I think your real concern might be that you changed passwords, and they were able to capture both of them - otherwise the authenticator would not have even passed the request up for your approval. That to me would mean you have a vulnerability somewhere that’s exposing your passwords.
5 Likes
Right - a key logger trojan or something would be my real concern.
1 Like
I don’t get it, the phone company still isn’t compromised and Microsoft or others still send the SMS to your phone. How can a company or app called sakari tell Microsoft to change the phone number?
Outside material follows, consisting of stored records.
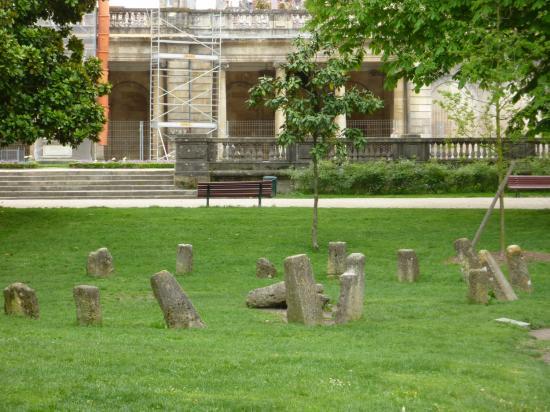 Les Alignements du Jardin Public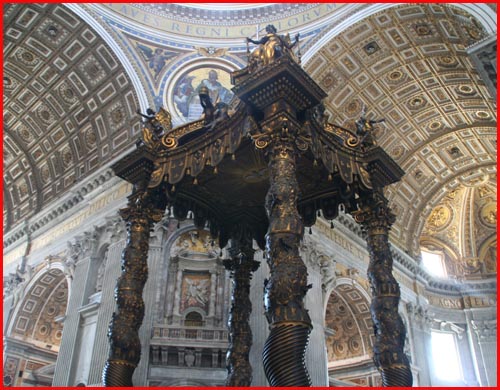 papal-altar-canope-1.jpg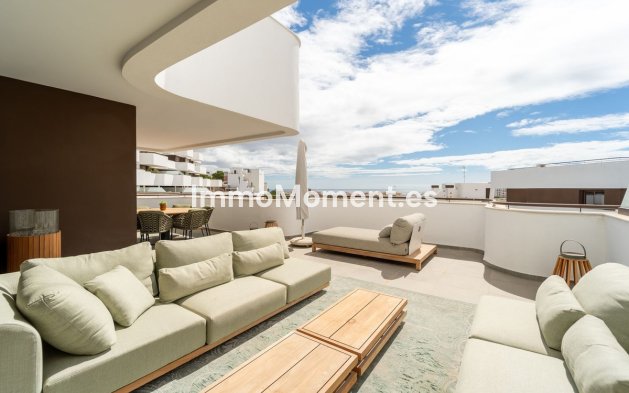 Resale - Apartment - Estepona - Estepona Centro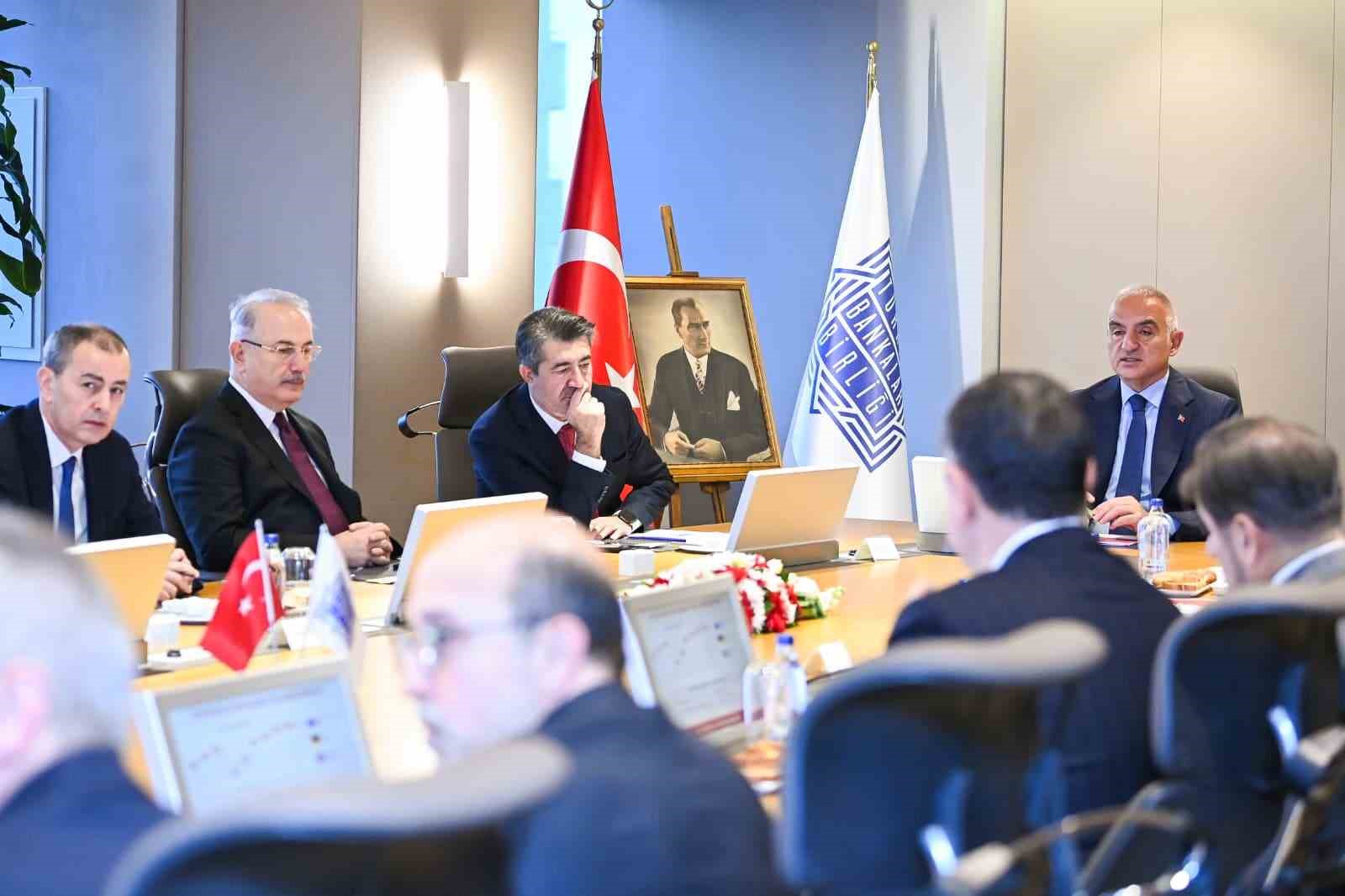 Bakan Ersoy: "Bölgesel krizlere rağmen turizm sektöründe güçlü bir performans ortaya koyduk"
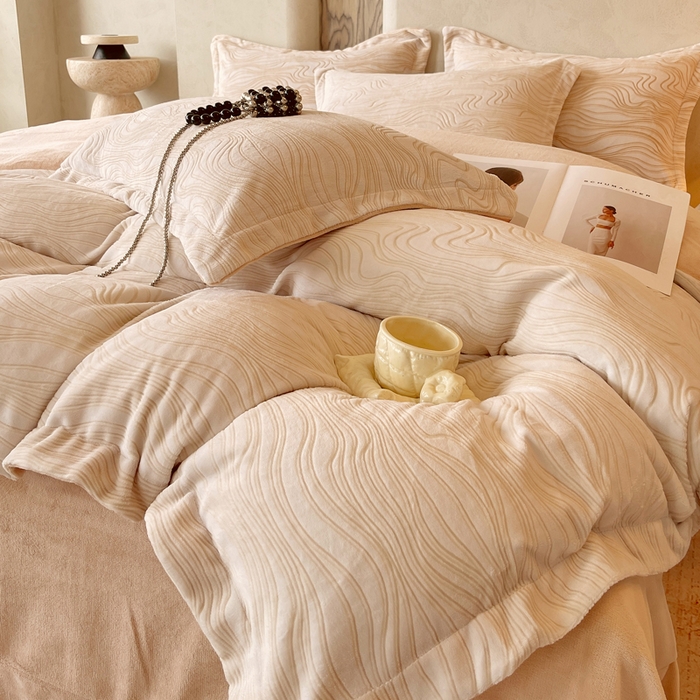 91家纺网 家纺一手货源 找家纺 春皖家纺 2025新款全消光雕花绒牛奶绒四件套 晨曦绒光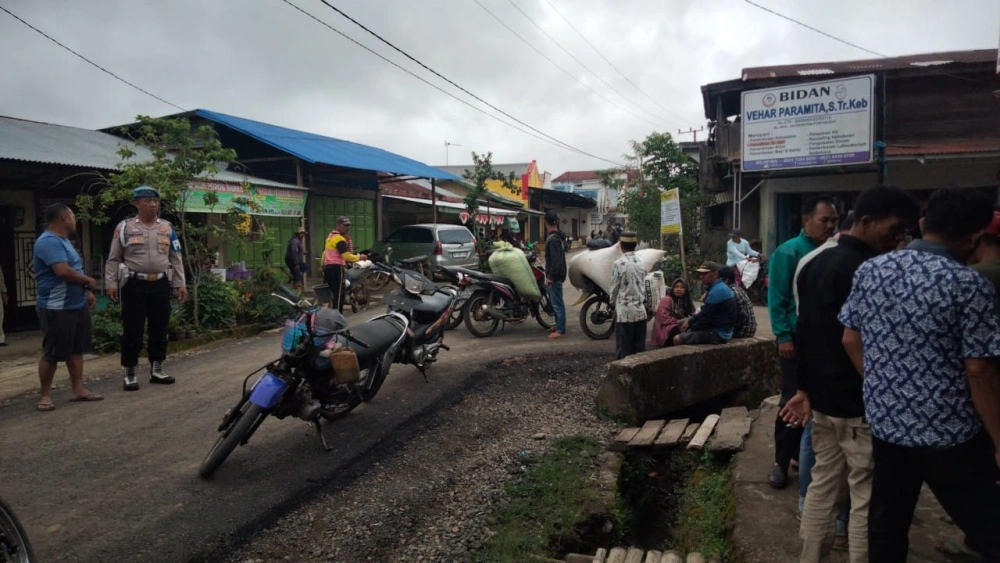 Polisi Tiba di Lokasi ledakan di masjid SMAN 72 Jakarta. [FTNews]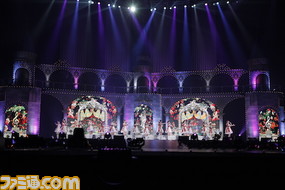 安野希世乃さんサプライズ出演の“伝説”に沸く! 『アイマス シンデレラガールズ』4thライブ神戸初日公演リポート_04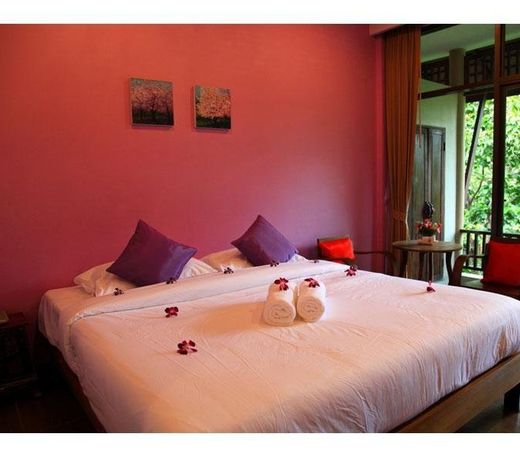 Ruen Pruksa Boutique Resort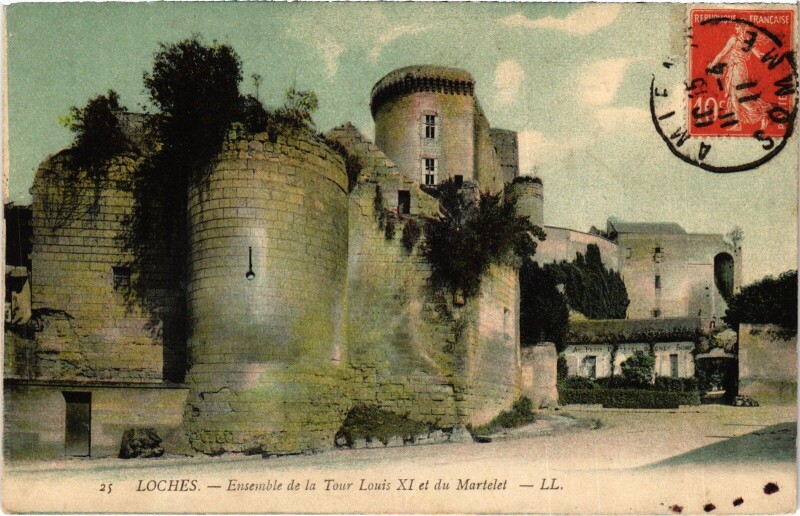 Carte postale ancienne Loches Ensemble de la Tour Louis Xi à Loches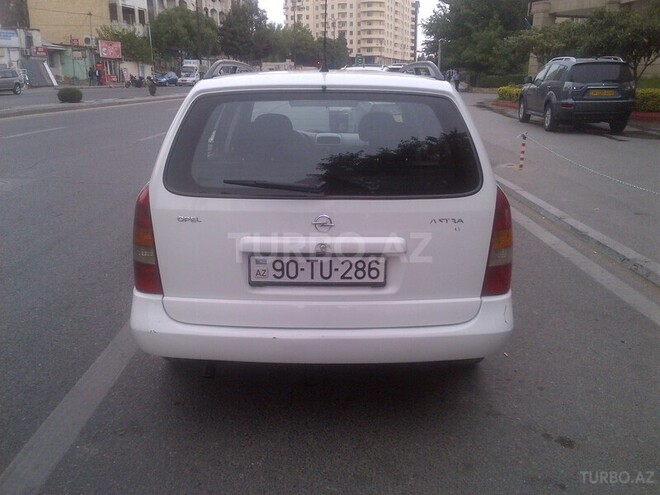 Opel Astra 2000, 150,000 km - 2.0 l - Bakı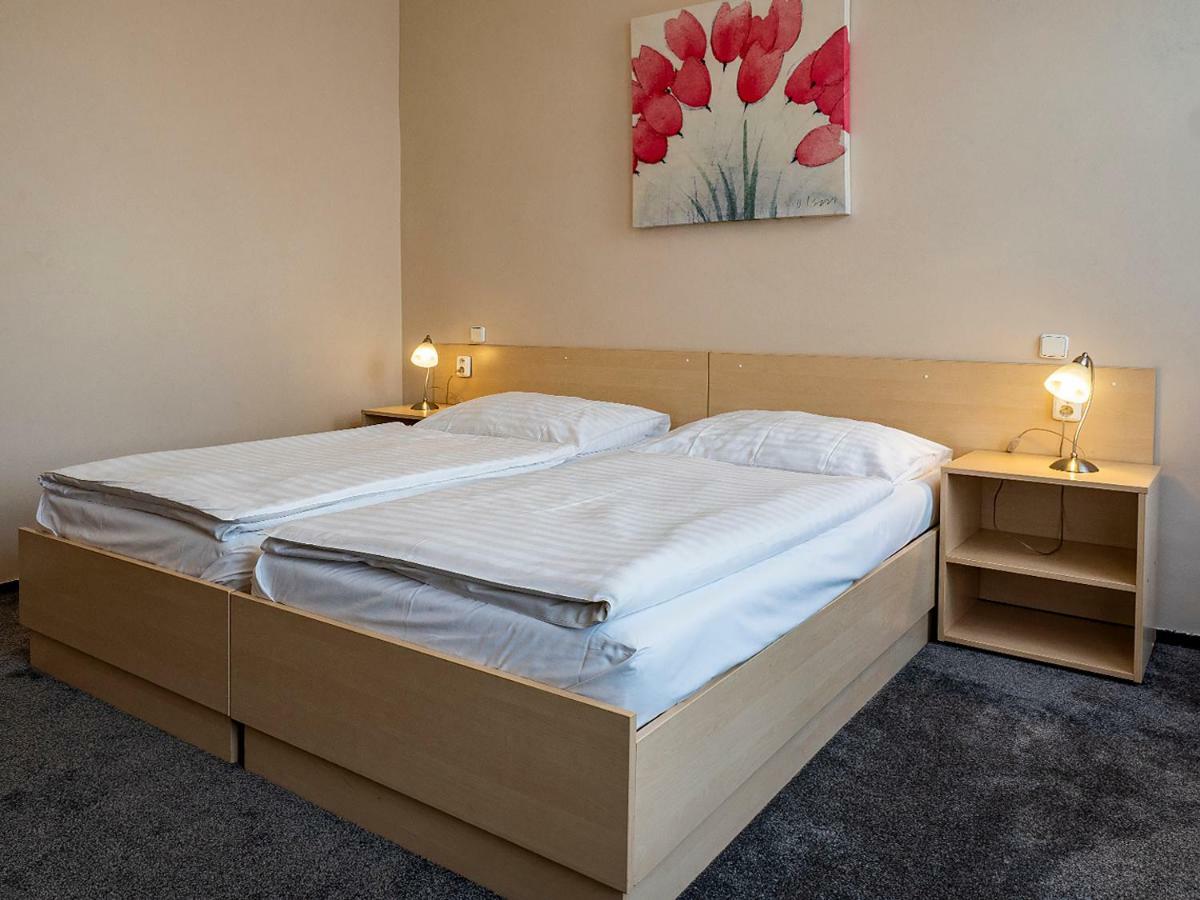 Hotel Olympia Česká Lípa Zewnętrze zdjęcie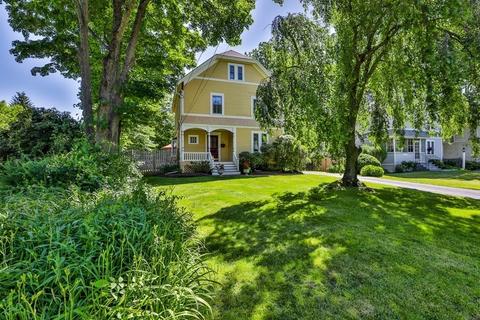 17 Maple Ave, Andover, MA 01810 photo 1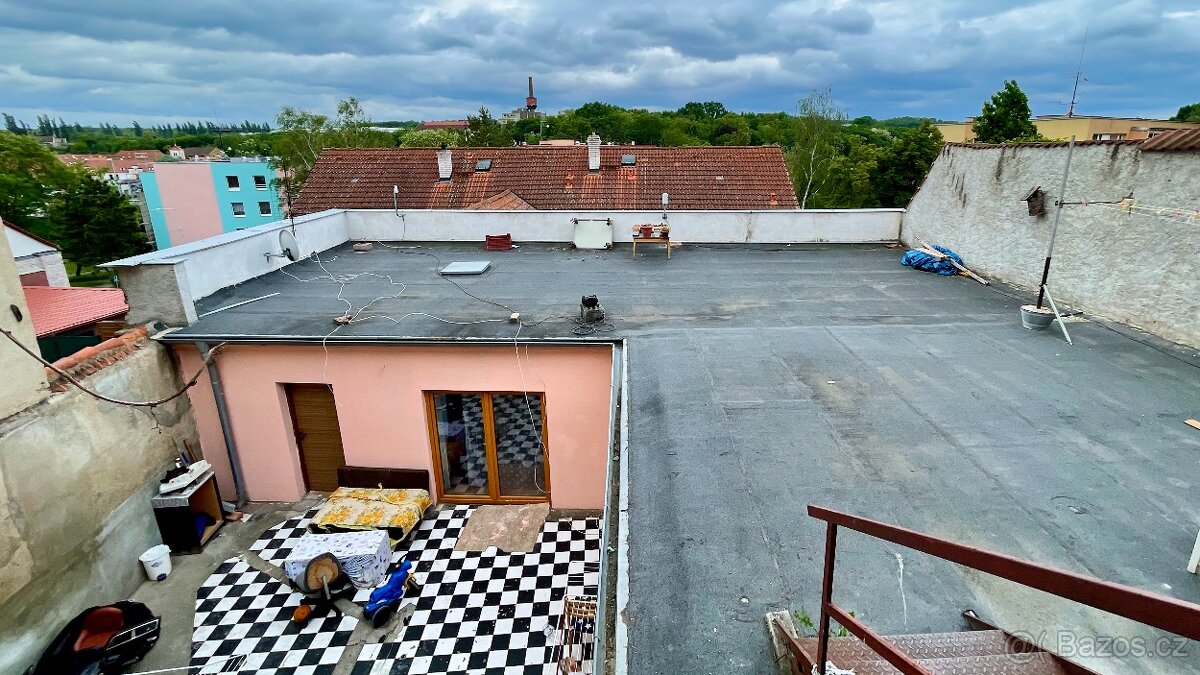 Činžovní dům s 6 byty - Slaný centrum, nová okna a střecha - 9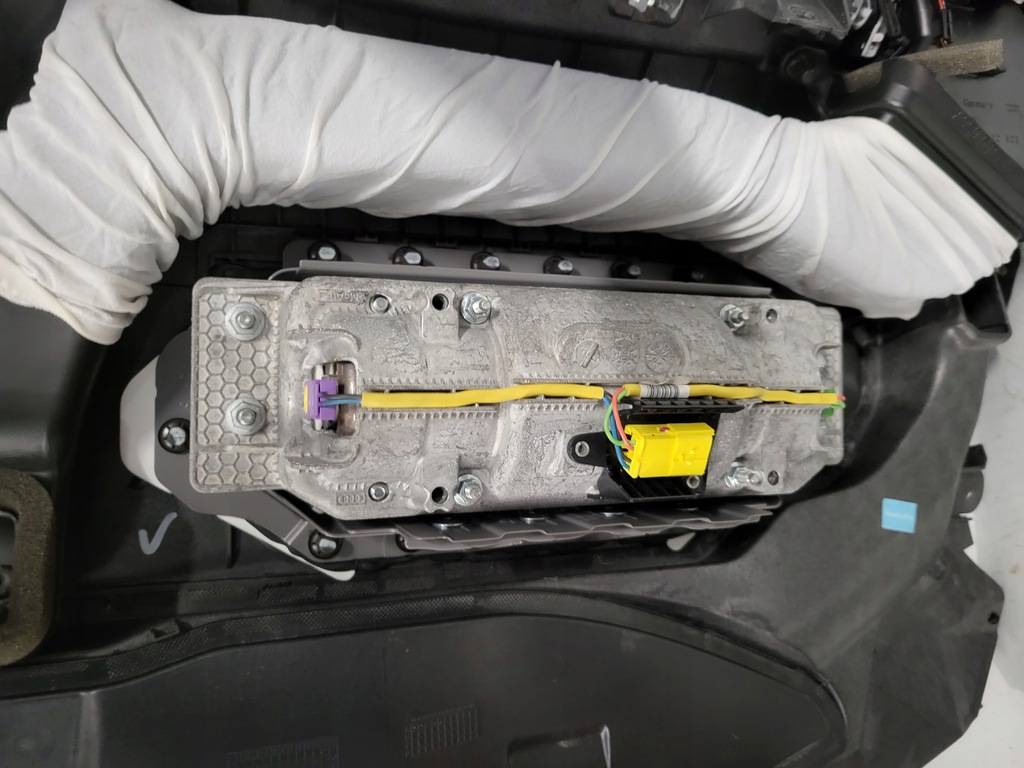 фото №9, Audi a6 c6 06r hachat achat панель приладів консоль air bag панель приладів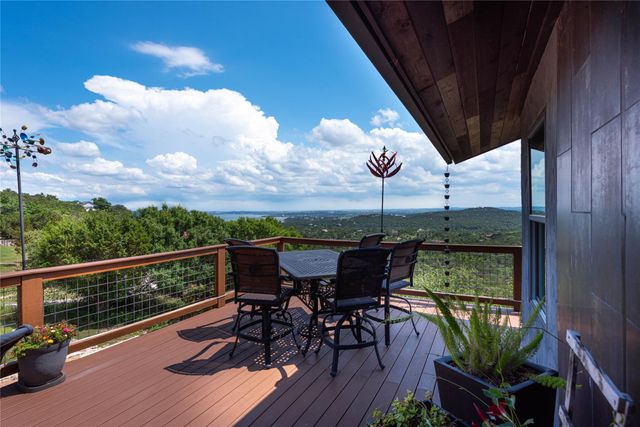 8614 Tip Top DR, Jonestown, TX 78645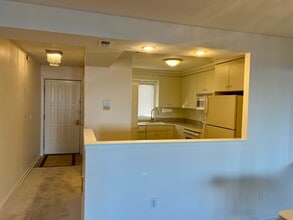 4100 Post Rd, Unit 3 in Warwick, RI - Building Photo - Building Photo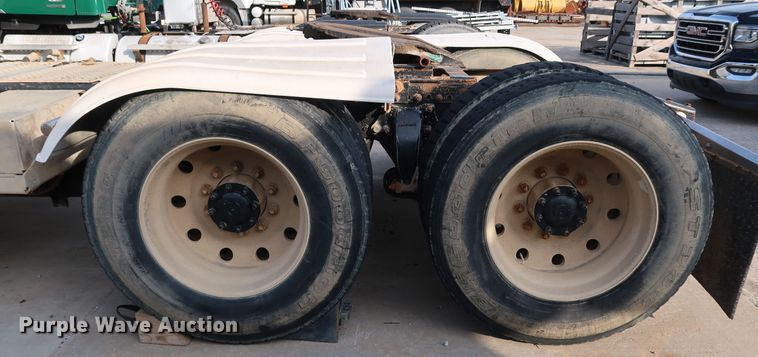 image for item DJ2401 2008 Freightliner FLD120  semi truck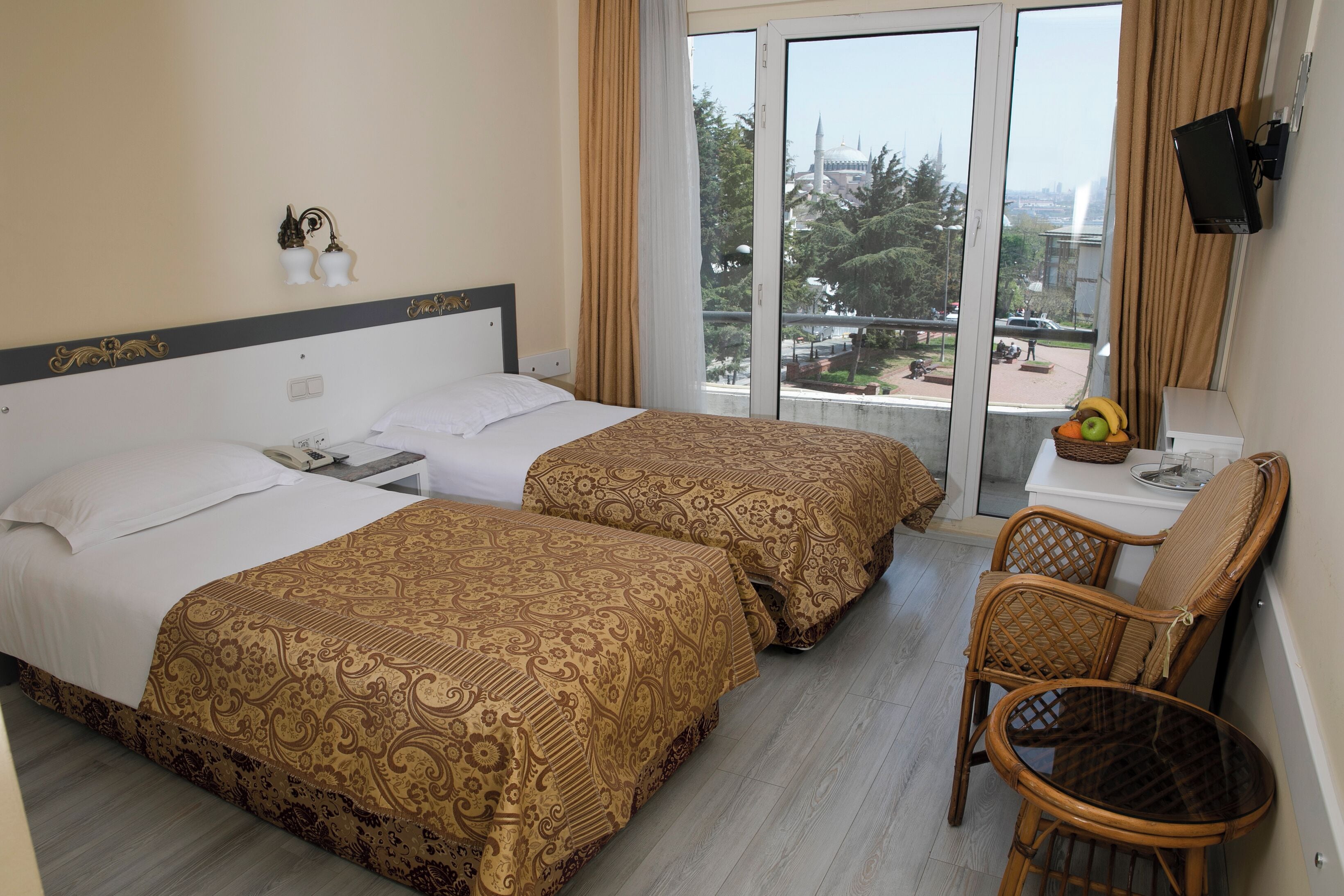 Una scrivania, Wi-Fi gratuito, lenzuola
Ok i read it there are companys out there that just can do this. They can copy any number lol. How on earth law and phone companys let this happen.
Details here
So the phone companys must have made a deal to give such companys the power to reroute phone numbers, lol
1 Like
How did they know your phone number to send the key to/intercept?
The article explains in detail that the Telco industry is still effectively unregulated in the sense that there is no Consumer Protection oversight when it comes to the consent portion of having your number and associated services be changed or transferred without explicit owner consent being sought. That’s also how attackers can Social Engineer a target’s phone carrier to execute a number transfer easily.
1 Like
Yea i wonder how it’s technically possible. They must have an API to the phone carrier or something. They must have contracts with them too?
Otherwise everybody can program such tools.